Description of the task >> Scan the data below and copy each line where "living" occurs.

Given information >>
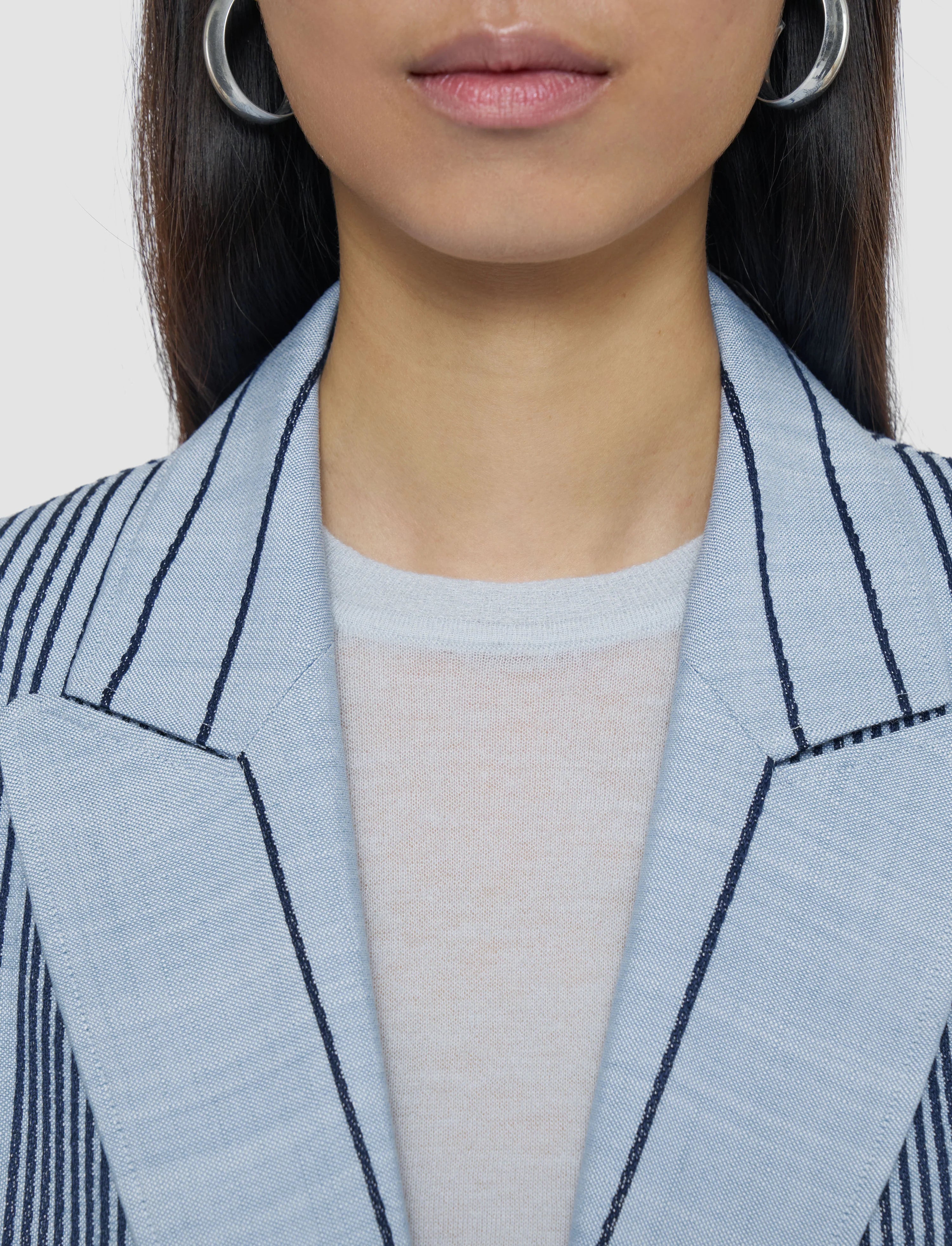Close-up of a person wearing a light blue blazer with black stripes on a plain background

* * *

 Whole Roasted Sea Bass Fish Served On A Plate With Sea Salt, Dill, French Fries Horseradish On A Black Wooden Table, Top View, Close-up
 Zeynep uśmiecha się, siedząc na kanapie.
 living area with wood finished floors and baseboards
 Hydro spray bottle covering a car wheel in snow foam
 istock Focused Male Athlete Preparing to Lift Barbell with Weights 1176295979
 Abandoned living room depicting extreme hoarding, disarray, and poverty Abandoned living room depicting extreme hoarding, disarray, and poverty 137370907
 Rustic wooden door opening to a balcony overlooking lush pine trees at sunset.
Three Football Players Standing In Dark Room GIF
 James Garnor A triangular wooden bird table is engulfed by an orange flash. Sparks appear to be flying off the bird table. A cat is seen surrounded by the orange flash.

---

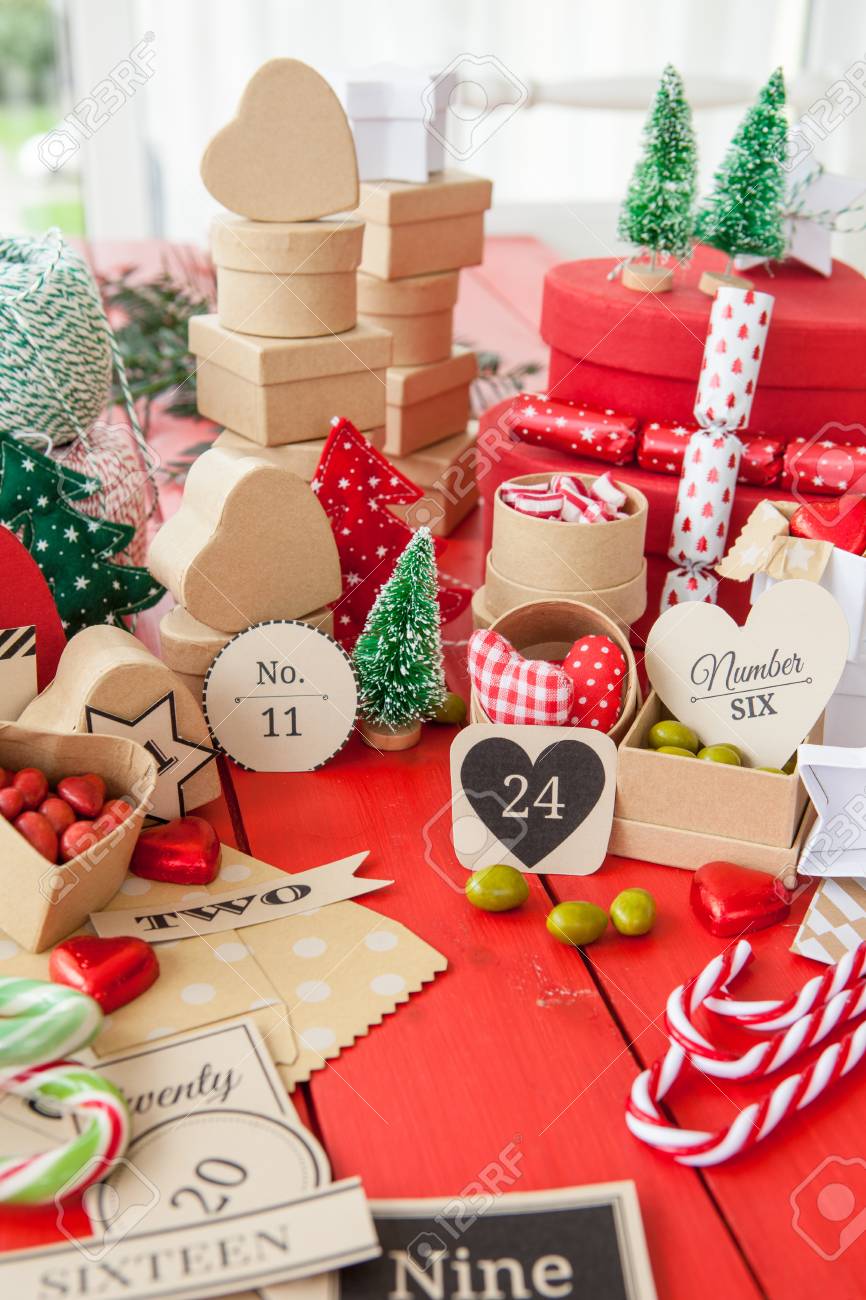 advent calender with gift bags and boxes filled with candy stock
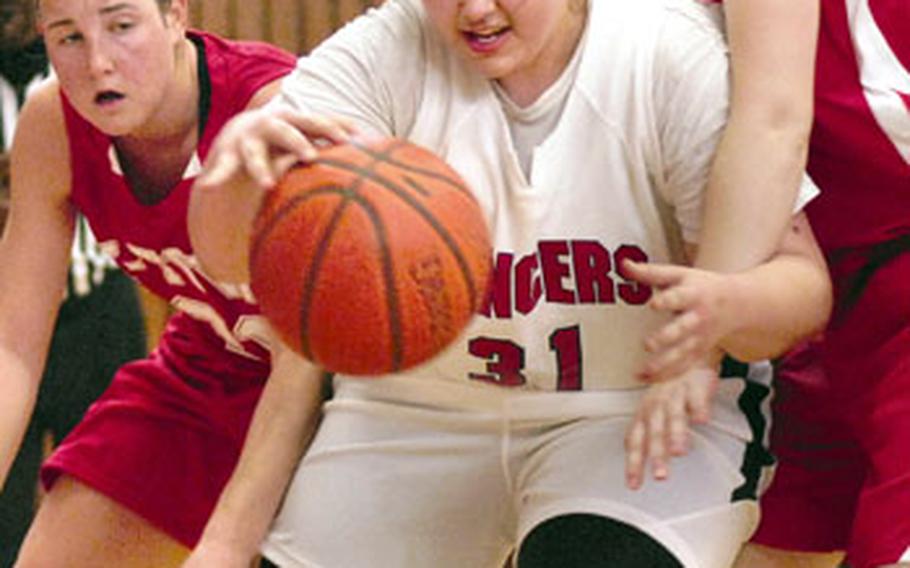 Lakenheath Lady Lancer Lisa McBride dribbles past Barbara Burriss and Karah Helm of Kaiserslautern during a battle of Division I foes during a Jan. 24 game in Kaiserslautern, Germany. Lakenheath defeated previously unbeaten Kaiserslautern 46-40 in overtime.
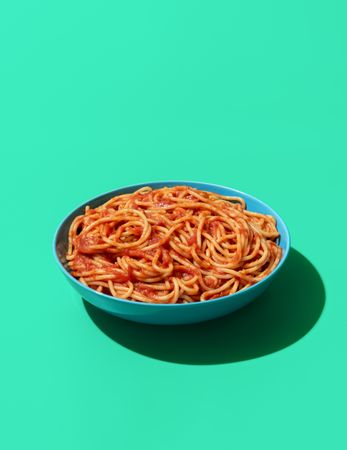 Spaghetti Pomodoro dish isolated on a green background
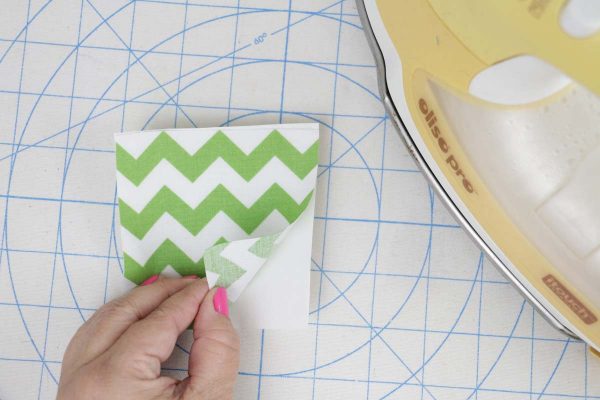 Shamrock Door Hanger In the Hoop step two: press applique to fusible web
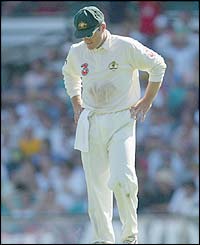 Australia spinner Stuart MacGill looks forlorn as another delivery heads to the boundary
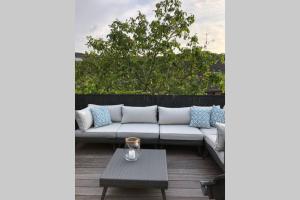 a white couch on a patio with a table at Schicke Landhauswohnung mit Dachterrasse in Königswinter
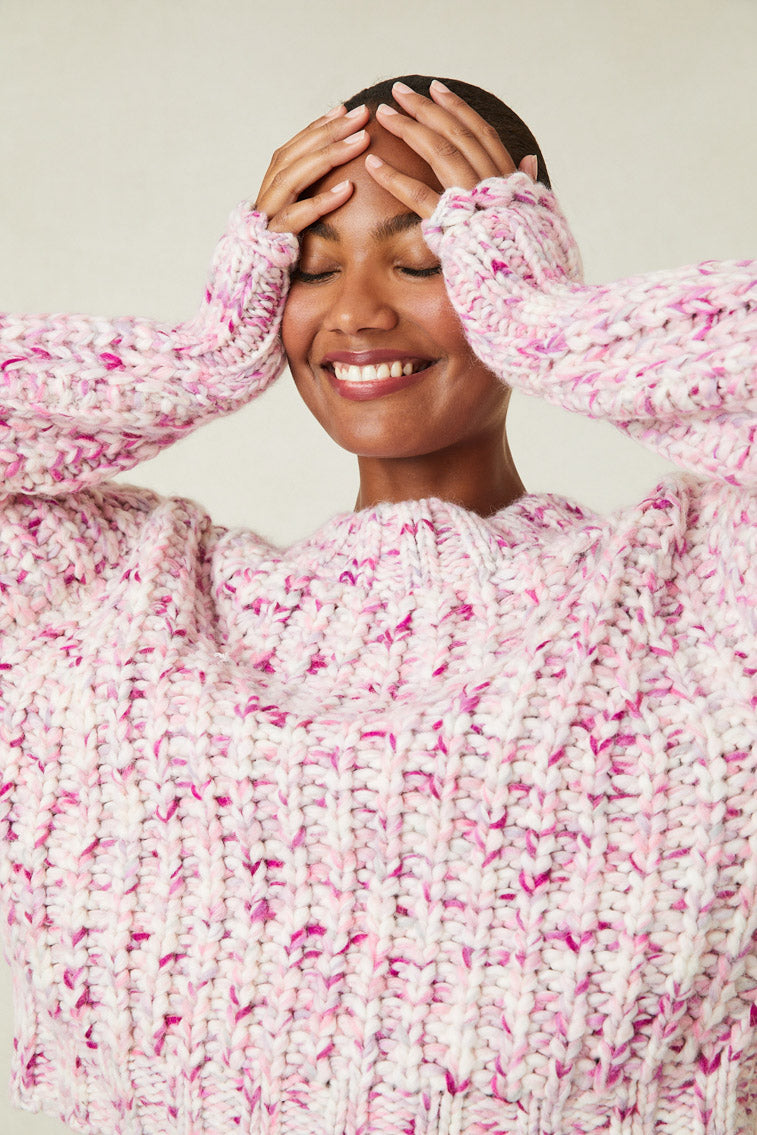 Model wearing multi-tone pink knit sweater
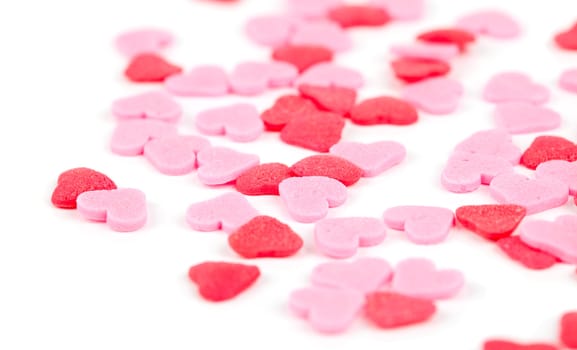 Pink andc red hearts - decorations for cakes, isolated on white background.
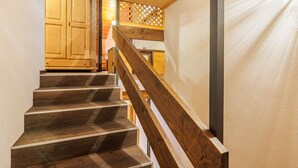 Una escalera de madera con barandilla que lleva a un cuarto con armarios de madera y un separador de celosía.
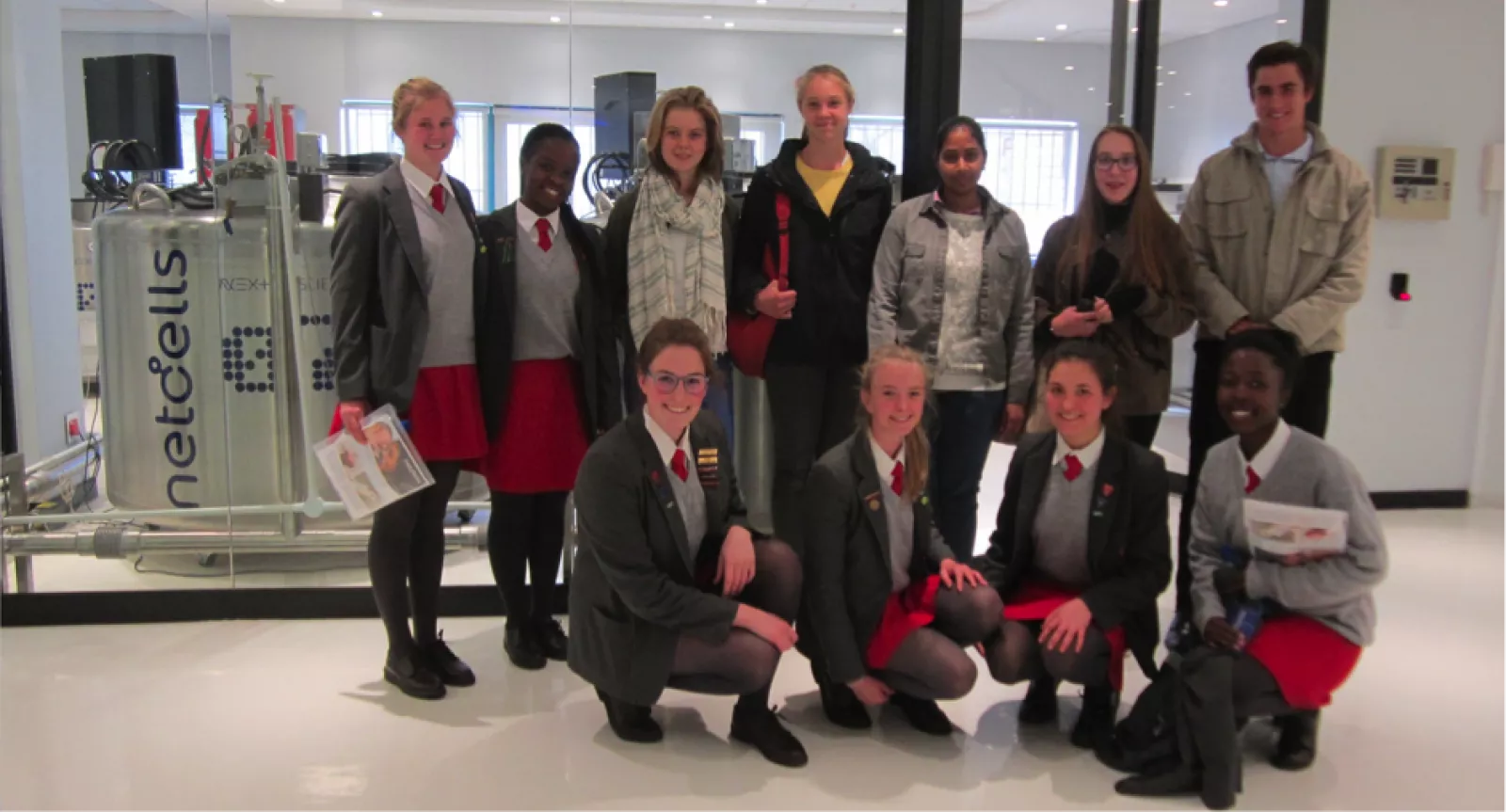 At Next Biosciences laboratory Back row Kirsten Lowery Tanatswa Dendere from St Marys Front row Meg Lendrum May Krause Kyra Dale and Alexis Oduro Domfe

Response below >>
 living area with wood finished floors and baseboards
 Abandoned living room depicting extreme hoarding, disarray, and poverty Abandoned living room depicting extreme hoarding, disarray, and poverty 137370907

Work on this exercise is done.